We aimed to investigate the potential relationship between alarmins [acting via Toll-like receptor-4 (TLR4)], uric acid (UA), and high-mobility group box-1 protein (HMGB1) during acute kidney injury. UA, which is significantly increased in the circulation following renal ischemia-reperfusion injury (IRI), was used both in vitro and in vivo as an early response-signaling molecule to determine its ability to induce the secretion of HMGB1 from endothelial cells. Treatment of human umbilical vein endothelial cells (HUVEC) with UA resulted in increased HMGB1 mRNA expression, acetylation of nuclear HMGB1, and its subsequent nuclear-cytoplasmic translocation and release into the circulation, as determined by Western blotting and immunofluorescence. Treatment of HUVEC with UA and a calcium mobilization inhibitor (TMB-8) or a MEK/Erk pathway inhibitor (U0126) prevented translocation of HMGB1 from the nucleus, resulting in reduced cytoplasmic and circulating levels of HMGB1. Once released, HMGB1 in autocrine fashion promoted further HMGB1 release while also stimulating NF-κB activity and increased angiopoietin-2 expression and protein release. Transfection of HUVEC with TLR4 small interfering (si) RNA reduced HMGB1 levels during UA and HMGB1 treatment. In summary, UA after IRI mediates the acetylation and release of HMGB1 from endothelial cells by mechanisms that involve calcium mobilization, the MEK/Erk pathway, and activation of TLR4. Once released, HMGB1 promotes its own further cellular release while acting as an autocrine and paracrine to activate both proinflammatory and proreparative mediators.

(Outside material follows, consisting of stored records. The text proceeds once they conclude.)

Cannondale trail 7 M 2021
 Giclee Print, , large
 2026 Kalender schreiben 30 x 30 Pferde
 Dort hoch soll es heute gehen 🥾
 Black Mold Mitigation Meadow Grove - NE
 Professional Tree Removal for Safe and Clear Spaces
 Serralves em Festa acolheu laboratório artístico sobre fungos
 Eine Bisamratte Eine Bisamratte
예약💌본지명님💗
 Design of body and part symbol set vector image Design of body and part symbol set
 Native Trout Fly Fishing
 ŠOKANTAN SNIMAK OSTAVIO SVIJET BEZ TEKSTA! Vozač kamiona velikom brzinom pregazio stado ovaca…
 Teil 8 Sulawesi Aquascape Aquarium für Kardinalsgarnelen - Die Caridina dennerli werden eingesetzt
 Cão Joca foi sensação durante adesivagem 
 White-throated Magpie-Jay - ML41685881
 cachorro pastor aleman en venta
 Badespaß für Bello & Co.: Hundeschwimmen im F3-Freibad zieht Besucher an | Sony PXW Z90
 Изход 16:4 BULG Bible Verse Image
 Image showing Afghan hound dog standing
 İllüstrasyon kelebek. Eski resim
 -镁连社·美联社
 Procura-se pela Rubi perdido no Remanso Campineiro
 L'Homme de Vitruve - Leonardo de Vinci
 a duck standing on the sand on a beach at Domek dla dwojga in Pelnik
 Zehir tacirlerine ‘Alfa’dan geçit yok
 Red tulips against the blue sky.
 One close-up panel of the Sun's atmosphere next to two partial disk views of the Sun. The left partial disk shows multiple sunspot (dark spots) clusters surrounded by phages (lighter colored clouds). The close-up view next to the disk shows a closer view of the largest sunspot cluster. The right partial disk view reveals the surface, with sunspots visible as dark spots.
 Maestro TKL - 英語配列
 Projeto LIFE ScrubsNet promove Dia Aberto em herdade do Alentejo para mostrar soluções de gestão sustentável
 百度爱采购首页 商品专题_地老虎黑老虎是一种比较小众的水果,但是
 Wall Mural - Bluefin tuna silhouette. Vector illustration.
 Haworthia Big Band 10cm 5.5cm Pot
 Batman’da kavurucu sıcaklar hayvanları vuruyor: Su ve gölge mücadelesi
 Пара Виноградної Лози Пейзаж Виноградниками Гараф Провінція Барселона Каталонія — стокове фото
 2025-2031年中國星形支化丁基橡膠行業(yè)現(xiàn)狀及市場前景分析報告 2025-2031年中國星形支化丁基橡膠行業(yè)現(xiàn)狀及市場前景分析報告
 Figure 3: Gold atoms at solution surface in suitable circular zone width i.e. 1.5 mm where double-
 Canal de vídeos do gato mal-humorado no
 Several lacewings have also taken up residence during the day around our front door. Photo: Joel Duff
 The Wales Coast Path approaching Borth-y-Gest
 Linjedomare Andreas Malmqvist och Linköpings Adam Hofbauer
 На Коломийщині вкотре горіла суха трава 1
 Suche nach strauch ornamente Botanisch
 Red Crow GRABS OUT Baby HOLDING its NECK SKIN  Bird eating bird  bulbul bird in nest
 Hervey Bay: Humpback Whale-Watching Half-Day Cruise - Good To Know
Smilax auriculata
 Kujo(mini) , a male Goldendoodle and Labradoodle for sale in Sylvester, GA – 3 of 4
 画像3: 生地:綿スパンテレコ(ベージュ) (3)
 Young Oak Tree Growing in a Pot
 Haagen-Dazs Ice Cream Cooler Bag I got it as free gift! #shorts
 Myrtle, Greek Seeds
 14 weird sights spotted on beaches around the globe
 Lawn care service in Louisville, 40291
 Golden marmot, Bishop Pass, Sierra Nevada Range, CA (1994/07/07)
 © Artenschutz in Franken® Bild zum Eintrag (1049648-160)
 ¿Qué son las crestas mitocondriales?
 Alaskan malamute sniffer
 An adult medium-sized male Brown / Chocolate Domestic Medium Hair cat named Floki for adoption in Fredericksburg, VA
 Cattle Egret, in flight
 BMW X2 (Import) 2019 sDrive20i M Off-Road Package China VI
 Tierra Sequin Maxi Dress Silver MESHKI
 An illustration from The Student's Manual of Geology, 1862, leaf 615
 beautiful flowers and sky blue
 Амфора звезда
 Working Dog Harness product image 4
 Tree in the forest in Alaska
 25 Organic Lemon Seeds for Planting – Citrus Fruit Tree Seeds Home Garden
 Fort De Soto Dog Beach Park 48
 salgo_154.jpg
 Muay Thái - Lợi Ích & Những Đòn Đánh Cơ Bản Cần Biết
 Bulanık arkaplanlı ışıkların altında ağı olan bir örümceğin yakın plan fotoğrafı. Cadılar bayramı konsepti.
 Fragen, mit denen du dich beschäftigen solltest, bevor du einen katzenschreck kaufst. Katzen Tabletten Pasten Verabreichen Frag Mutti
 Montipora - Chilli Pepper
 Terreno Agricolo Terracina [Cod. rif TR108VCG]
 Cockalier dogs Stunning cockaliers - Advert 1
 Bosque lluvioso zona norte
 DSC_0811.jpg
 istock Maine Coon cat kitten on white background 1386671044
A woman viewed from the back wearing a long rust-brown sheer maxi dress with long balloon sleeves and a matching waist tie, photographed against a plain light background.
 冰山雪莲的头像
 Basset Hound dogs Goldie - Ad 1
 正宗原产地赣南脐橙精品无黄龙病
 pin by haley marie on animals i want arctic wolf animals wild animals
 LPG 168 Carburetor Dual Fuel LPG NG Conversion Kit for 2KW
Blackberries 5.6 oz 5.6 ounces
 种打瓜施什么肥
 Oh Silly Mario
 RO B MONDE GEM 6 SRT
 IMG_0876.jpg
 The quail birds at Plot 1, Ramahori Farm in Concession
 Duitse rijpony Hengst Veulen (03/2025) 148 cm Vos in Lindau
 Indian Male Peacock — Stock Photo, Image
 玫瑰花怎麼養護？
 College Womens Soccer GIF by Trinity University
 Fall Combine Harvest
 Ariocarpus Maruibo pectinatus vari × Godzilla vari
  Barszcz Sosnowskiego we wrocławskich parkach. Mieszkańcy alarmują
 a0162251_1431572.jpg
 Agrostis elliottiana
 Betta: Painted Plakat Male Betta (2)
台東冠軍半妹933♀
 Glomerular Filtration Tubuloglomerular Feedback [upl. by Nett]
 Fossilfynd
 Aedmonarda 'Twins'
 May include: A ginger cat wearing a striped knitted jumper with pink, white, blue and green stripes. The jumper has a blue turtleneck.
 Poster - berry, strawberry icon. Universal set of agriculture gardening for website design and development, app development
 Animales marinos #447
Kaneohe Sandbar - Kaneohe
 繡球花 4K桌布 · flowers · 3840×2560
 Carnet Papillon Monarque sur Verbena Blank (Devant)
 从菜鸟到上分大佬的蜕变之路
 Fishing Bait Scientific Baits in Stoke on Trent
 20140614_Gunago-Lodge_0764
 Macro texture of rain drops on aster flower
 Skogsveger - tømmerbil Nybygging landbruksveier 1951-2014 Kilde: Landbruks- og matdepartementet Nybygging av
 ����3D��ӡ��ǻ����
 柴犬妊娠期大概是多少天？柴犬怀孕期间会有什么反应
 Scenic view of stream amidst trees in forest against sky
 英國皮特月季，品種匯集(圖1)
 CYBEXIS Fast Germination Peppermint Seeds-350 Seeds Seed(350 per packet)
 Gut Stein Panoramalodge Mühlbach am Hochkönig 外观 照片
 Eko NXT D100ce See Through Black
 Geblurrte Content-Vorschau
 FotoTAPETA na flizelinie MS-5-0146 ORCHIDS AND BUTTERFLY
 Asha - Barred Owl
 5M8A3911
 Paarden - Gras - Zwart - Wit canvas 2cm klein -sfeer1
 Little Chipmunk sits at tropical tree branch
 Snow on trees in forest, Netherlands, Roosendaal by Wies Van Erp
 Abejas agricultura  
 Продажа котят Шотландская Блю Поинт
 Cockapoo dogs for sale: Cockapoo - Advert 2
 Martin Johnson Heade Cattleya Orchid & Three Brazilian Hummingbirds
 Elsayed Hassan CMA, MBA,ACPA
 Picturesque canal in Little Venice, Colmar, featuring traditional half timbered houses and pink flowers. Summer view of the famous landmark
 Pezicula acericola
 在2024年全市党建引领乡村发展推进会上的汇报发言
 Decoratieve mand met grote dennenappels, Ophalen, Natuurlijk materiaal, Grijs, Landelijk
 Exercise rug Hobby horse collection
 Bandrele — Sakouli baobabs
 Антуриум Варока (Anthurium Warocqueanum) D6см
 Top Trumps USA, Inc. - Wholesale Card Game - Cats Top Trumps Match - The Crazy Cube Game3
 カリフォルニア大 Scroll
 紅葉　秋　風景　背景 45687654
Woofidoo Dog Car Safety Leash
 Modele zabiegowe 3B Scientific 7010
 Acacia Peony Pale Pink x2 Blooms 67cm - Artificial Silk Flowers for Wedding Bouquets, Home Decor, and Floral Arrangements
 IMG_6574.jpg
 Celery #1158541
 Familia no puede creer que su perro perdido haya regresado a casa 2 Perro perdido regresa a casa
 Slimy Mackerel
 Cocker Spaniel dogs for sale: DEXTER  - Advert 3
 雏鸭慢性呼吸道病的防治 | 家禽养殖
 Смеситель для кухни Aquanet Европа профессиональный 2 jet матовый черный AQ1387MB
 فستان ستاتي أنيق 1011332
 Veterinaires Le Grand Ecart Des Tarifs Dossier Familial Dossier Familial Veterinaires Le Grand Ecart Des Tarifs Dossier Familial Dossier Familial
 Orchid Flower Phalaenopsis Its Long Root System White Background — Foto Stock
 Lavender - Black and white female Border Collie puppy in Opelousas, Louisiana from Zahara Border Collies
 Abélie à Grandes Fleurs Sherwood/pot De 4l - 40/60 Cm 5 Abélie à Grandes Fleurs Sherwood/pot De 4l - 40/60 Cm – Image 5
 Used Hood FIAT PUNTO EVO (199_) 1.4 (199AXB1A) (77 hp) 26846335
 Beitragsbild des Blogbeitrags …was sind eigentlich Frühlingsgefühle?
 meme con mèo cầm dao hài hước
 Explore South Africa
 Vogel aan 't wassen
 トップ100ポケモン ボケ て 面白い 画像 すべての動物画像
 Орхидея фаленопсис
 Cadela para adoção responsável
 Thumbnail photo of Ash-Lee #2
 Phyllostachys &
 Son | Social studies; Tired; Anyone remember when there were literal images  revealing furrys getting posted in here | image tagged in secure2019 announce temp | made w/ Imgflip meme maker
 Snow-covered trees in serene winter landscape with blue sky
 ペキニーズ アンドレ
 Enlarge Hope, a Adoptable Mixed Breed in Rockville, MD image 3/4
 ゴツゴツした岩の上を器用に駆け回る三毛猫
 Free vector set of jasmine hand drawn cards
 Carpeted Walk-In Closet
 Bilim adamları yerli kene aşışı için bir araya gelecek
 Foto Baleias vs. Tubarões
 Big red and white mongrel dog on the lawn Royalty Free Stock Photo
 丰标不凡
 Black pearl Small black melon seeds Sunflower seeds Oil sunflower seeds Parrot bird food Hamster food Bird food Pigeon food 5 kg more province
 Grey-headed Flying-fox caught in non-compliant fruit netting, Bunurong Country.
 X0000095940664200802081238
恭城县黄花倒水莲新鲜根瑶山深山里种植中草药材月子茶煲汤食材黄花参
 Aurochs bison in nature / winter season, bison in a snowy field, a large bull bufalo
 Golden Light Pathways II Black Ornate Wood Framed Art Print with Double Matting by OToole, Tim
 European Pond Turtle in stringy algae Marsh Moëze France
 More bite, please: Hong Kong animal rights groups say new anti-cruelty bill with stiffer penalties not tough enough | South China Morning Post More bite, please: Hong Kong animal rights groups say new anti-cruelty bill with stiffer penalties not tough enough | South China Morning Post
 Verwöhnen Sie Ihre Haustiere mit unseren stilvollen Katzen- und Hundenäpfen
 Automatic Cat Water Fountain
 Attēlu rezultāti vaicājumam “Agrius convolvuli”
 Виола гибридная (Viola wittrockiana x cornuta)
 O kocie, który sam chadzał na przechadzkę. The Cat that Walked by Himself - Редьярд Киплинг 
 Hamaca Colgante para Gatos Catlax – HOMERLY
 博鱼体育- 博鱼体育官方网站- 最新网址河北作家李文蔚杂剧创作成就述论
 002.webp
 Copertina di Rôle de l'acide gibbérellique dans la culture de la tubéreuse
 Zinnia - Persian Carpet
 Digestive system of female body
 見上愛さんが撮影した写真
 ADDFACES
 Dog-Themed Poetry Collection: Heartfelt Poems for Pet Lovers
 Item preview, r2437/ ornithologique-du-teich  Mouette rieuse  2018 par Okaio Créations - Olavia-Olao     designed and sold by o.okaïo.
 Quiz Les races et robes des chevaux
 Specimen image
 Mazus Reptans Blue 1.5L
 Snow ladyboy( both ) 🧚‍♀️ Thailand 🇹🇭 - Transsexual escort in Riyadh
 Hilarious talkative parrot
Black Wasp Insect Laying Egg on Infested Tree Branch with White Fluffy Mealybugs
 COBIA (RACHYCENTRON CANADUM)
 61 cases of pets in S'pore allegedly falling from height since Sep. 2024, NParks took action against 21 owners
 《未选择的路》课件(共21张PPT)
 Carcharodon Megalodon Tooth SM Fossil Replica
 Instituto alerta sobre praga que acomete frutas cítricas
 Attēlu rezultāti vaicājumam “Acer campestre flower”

我们旨在研究在急性肾损伤中,警报素(通过 Toll 样受体-4(TLR4)发挥作用)、尿酸(UA)和高迁移率族蛋白 B1(HMGB1)之间的潜在关系。UA 在肾缺血再灌注损伤(IRI)后循环中显著增加,被用作体外和体内的早期反应信号分子,以确定其诱导内皮细胞分泌 HMGB1 的能力。UA 处理人脐静脉内皮细胞(HUVEC)导致 HMGB1 mRNA 表达增加,核 HMGB1 乙酰化,随后核质转位并释放到循环中,通过 Western blot 和免疫荧光检测。用 UA 和钙动员抑制剂(TMB-8)或 MEK/Erk 通路抑制剂(U0126)处理 HUVEC 可防止 HMGB1 从核内转位,导致细胞质和循环中 HMGB1 水平降低。一旦释放,HMGB1 以自分泌方式促进进一步的 HMGB1 释放,同时刺激 NF-κB 活性并增加血管生成素-2 的表达和蛋白释放。用 TLR4 小干扰(si)RNA 转染 HUVEC 可减少 UA 和 HMGB1 处理过程中的 HMGB1 水平。总之,IRI 后的 UA 通过涉及钙动员、MEK/Erk 通路和 TLR4 激活的机制介导内皮细胞中 HMGB1 的乙酰化和释放。一旦释放,HMGB1 促进自身进一步的细胞释放,同时作为自分泌和旁分泌激活促炎和修复性介质。